→ WHAT THE EXERCISE ASKS
A verbatim printing of the entries that follow is needed; pictures must not appear in it.

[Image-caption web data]
▼

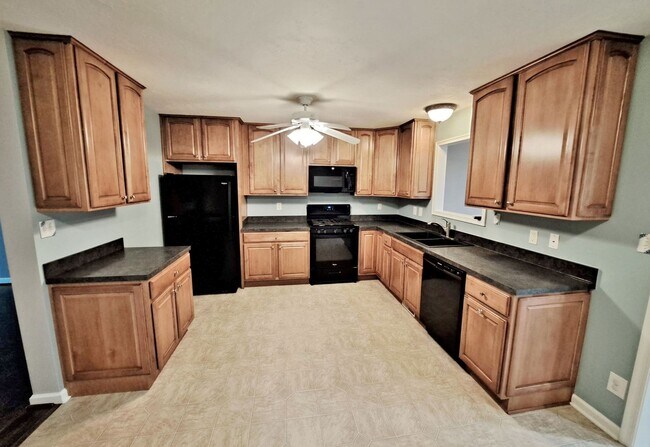 Building Photo - 417 Debbi Ct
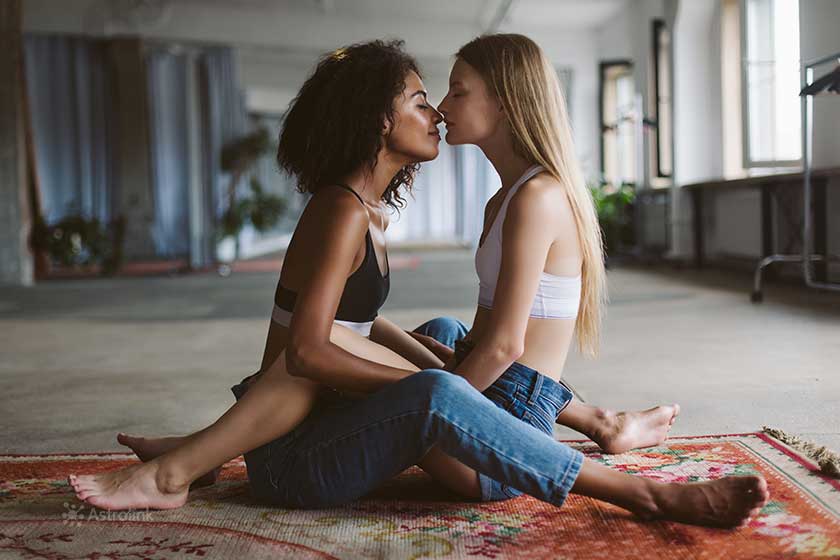 romance between women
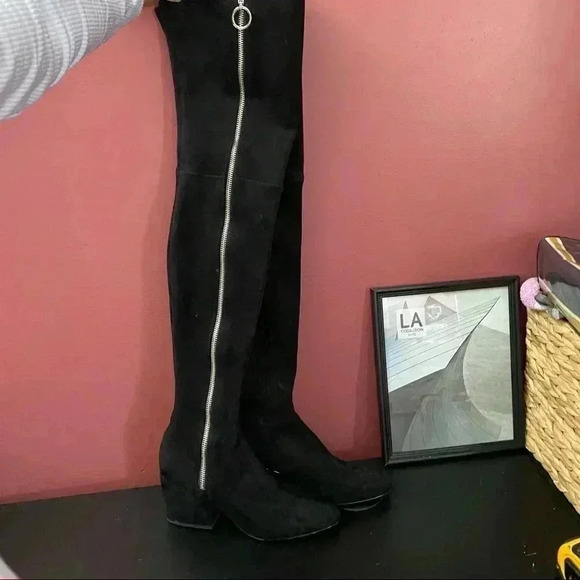 Dolce Vita Black thigh Boots - Picture 8 of 10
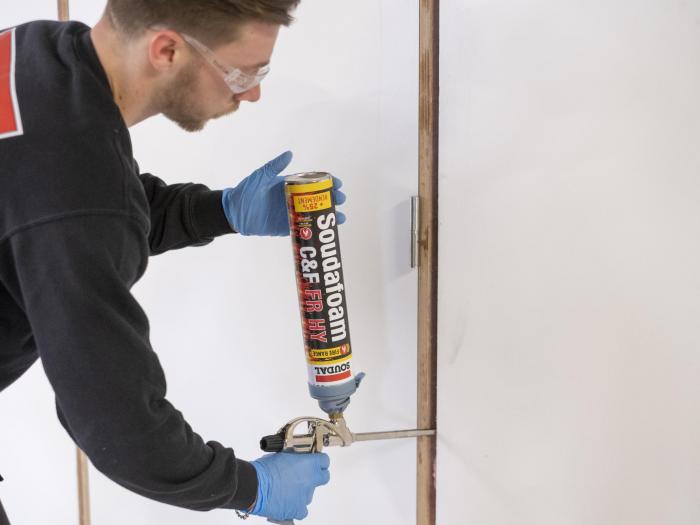 Soudafoam FR HY Gun Brandwerende PUR Schuim rood met NBS (schroefdop) aansluiting 750ml 146750 - Afbeelding 4
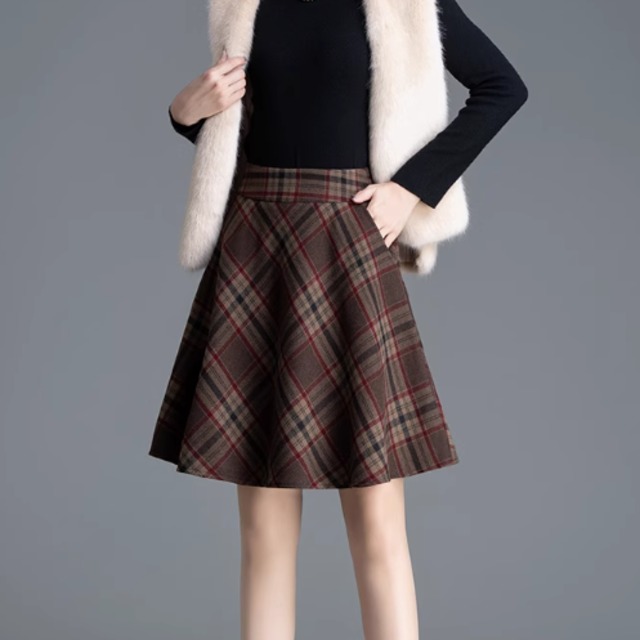 【送料無料】 ミニスカート 2色 冬 ミニ丈 フレア Aライン ファスナー 厚手 裏地 ウール かわいい 大人可愛い きれいめ カジュアル 大人 上品 おしゃれ お洒落 レトロ こなれ感 コンサバ系 ラフ 抜け感 レディライク ガーリー 10代 20代 レディース 女性用 デート お出かけ お呼ばれ 休日 アウトドア お茶会 女子会 授業参観 誕生日会 着回し 普段使い ファッション コーデ スタイル 楽ちん 体型カバー 美脚 脚長 定番 着痩せ 垢抜け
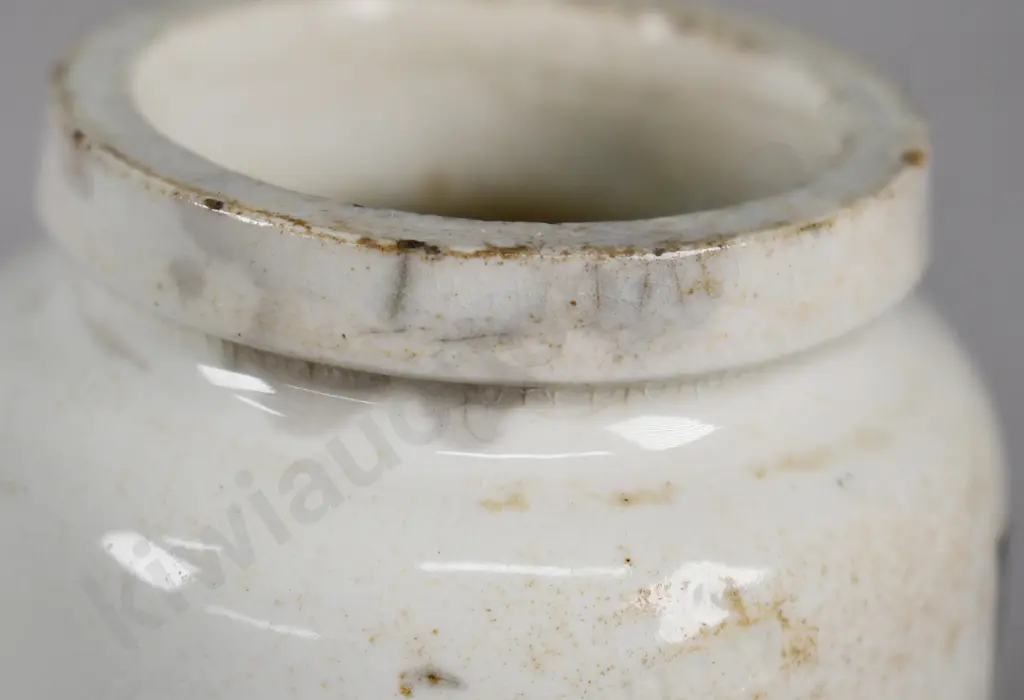 BYNOL MALT & OIL STONEWARE POT Image 1++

▲

→ SOLUTION TO THE EXERCISE
 Building Photo - 417 Debbi Ct
 romance between women
 Dolce Vita Black thigh Boots - Picture 8 of 10
 Soudafoam FR HY Gun Brandwerende PUR Schuim rood met NBS (schroefdop) aansluiting 750ml 146750 - Afbeelding 4
 【送料無料】 ミニスカート 2色 冬 ミニ丈 フレア Aライン ファスナー 厚手 裏地 ウール かわいい 大人可愛い きれいめ カジュアル 大人 上品 おしゃれ お洒落 レトロ こなれ感 コンサバ系 ラフ 抜け感 レディライク ガーリー 10代 20代 レディース 女性用 デート お出かけ お呼ばれ 休日 アウトドア お茶会 女子会 授業参観 誕生日会 着回し 普段使い ファッション コーデ スタイル 楽ちん 体型カバー 美脚 脚長 定番 着痩せ 垢抜け
 BYNOL MALT & OIL STONEWARE POT Image 1++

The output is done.